Patriot Day
by MaryAlice Bitts-Jackson; video by Joe O'Neill
Each year on Sept. 11, Americans are called to remember those who died during the 2001 attacks in New York City and Washington, D.C., and those killed in flight 93, brought down in Pennsylvania by passengers thwarting yet another attack. At Dickinson, we mark the anniversary of those tragic events with a Patriot Day service that brings students, faculty and administrators together with members of the local community to recall and reflect.
To honor the nearly 3,000 people who lost their lives during the 2001 attacks, Dickinson’s ROTC color guard lowered the flag on the Benjamin Rush campus, and President Nancy A. Roseman and Lori van Handel laid a wreath at the base of the flagpole.
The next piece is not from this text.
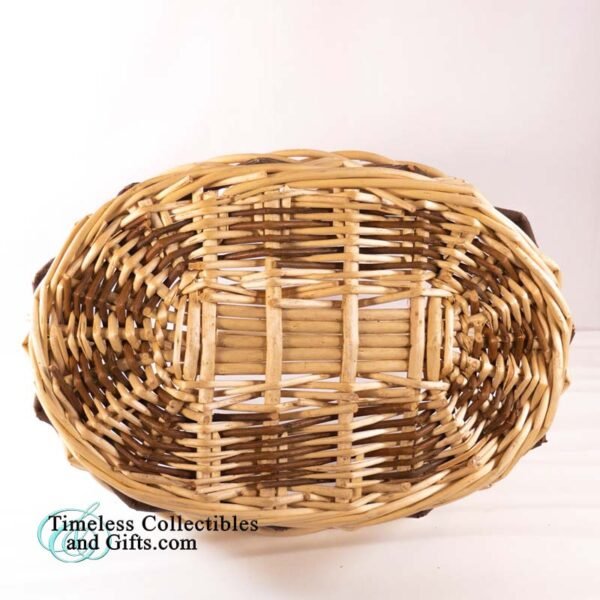 Two Tone Brown Woven Reed Basket 6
Donald Roeder, a local bugler and veteran, played the traditional military song “Taps." Donna Hughes, director of the Center for Service, Spirituality and Social Justice, delivered a nondenominational prayer that focused on the palpable sense of unity among Americans in the aftermath of 9/11.
That message struck a chord with Brian Reid ’17, a double major in mathematics and music and member of the Blue Mountain Battalion ROTC. “It’s vital that we use this [ceremony] to unify as a nation, as a college,” he said.